- What is needed:
Copy exactly, from the beginning of the material below, every line up to and including the one holding "The features include", with the pictures left out.

┌──

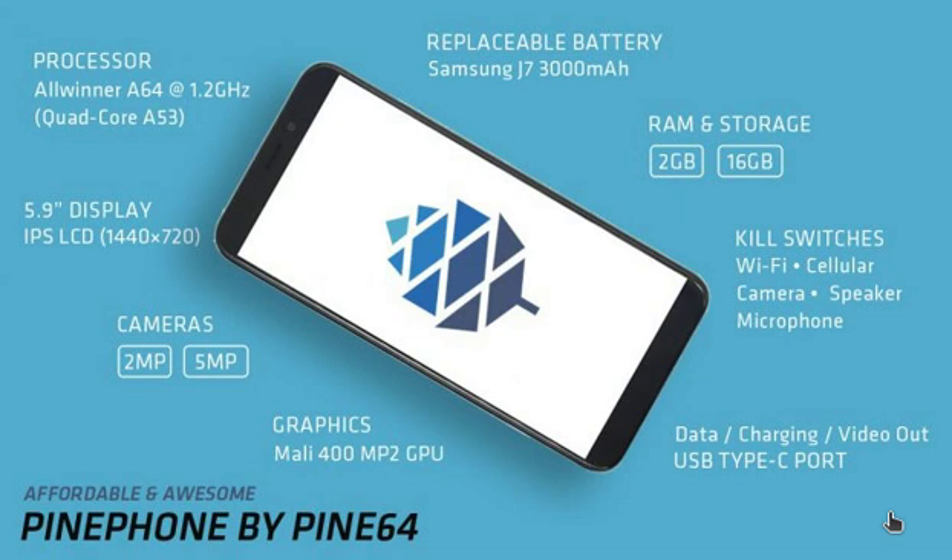One thing probably worth mentioning — it is a low cost phone, so it's going to be about $150 US. Convert that into your local territory or region, but it's pretty exciting to see.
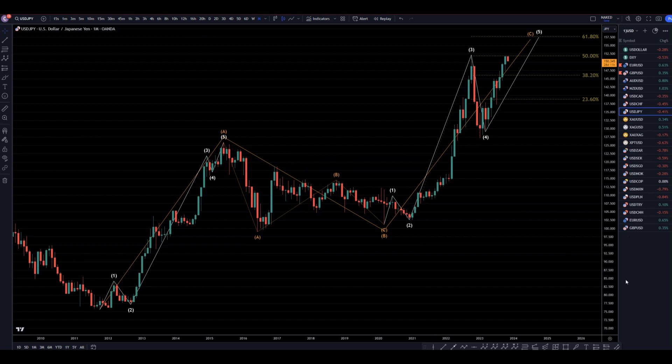Hello Traders, F.S. Pimp Gretti here. Today is Thursday, November 2nd, and I'm going to be analyzing the U.S. dollar yen, starting on the monthly and working our way down to the one hour for a full top-down analysis.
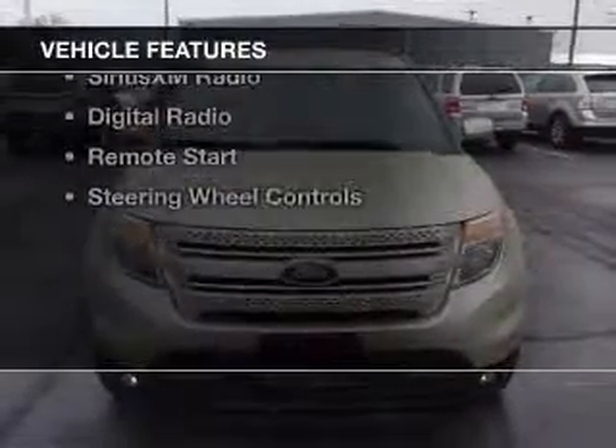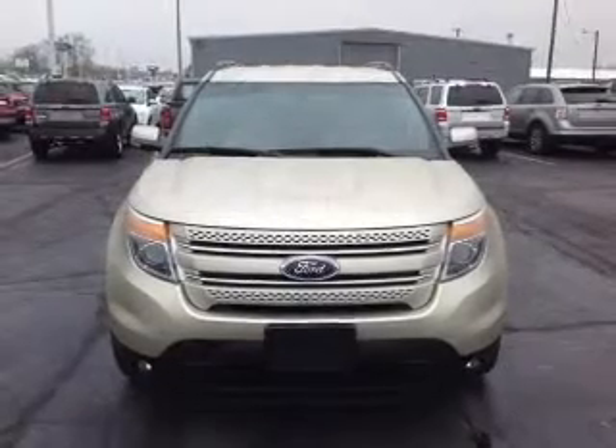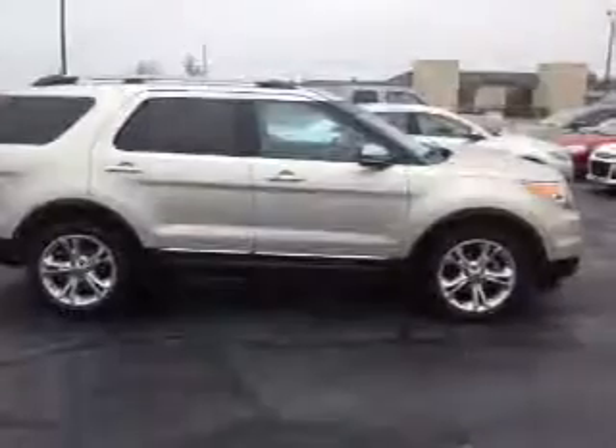The features include internet connectivity, electric trunk, leather seats, heated seats, Bluetooth connectivity, and Ford Sync voice activation.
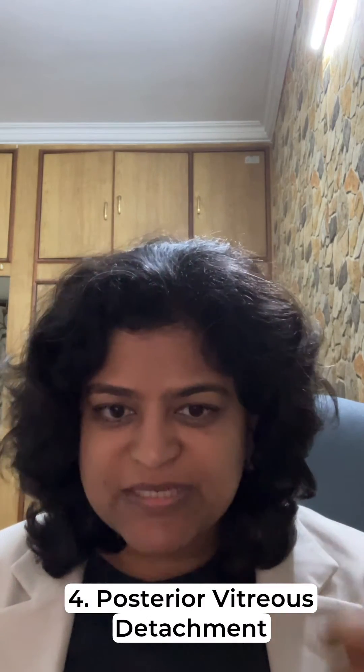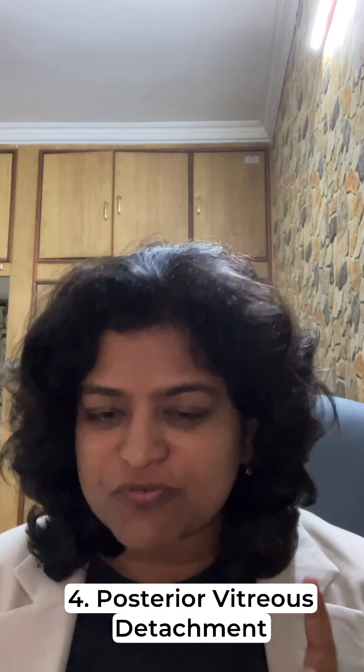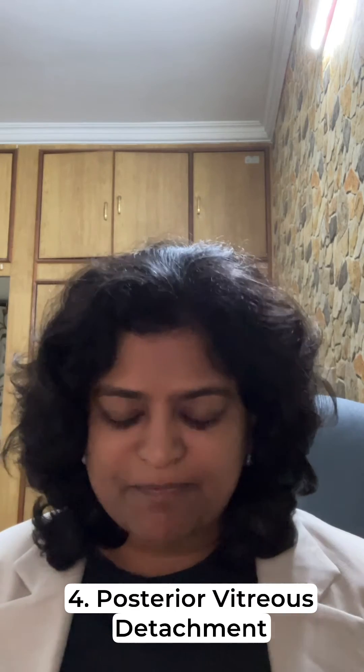Number four — the reason why you have vitreous hemorrhage without high blood pressure or high blood sugar is age-related change. Something called posterior vitreous detachment happens: the jelly inside the eye suddenly shrinks, and this can tear the retina. This is one of the most critical causes for vision loss due to bleeding.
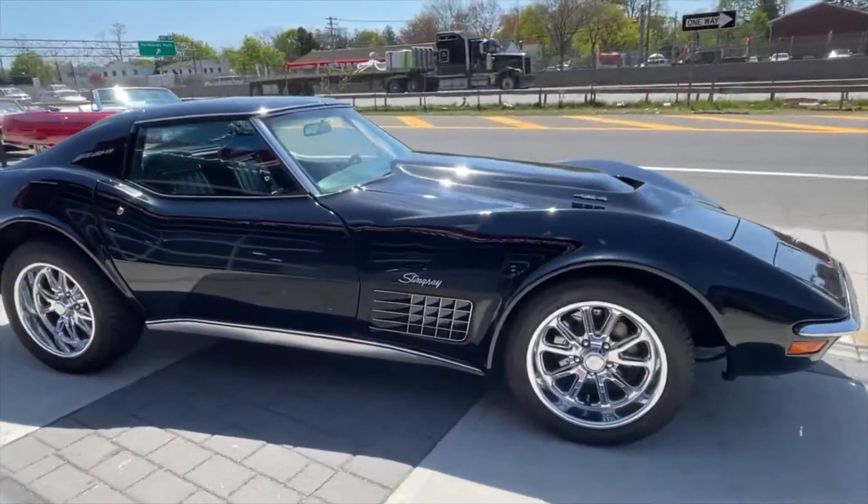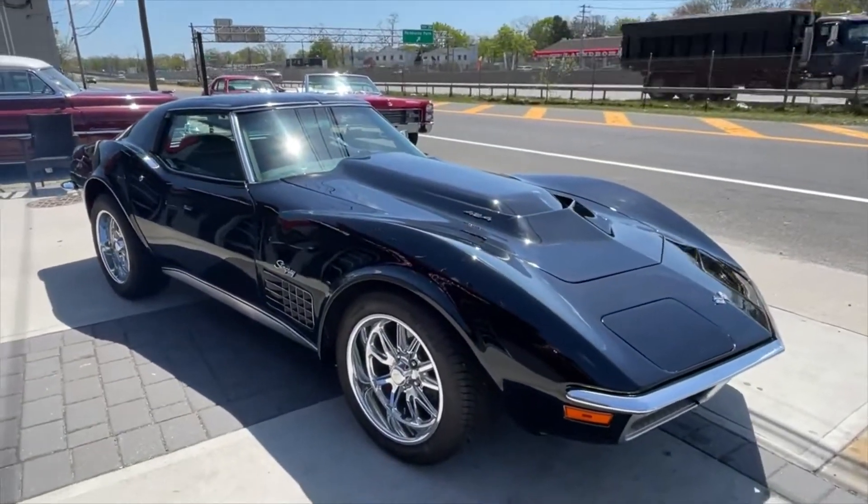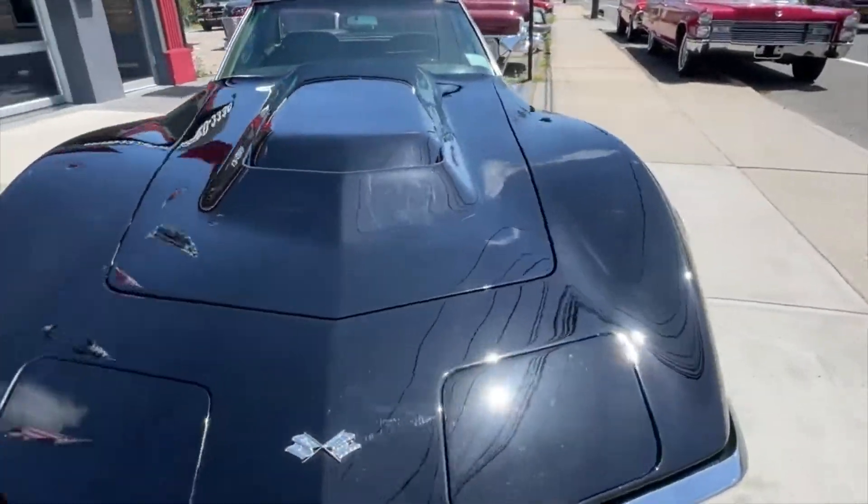Custom US mags, Wilwood brakes, air conditioning, power steering, power brakes, and power windows. Loaded up with options — big block 454 Corvette here in Hollywood.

└──

- Final answer:
One thing probably worth mentioning — it is a low cost phone, so it's going to be about $150 US. Convert that into your local territory or region, but it's pretty exciting to see.
Hello Traders, F.S. Pimp Gretti here. Today is Thursday, November 2nd, and I'm going to be analyzing the U.S. dollar yen, starting on the monthly and working our way down to the one hour for a full top-down analysis.
The features include internet connectivity, electric trunk, leather seats, heated seats, Bluetooth connectivity, and Ford Sync voice activation.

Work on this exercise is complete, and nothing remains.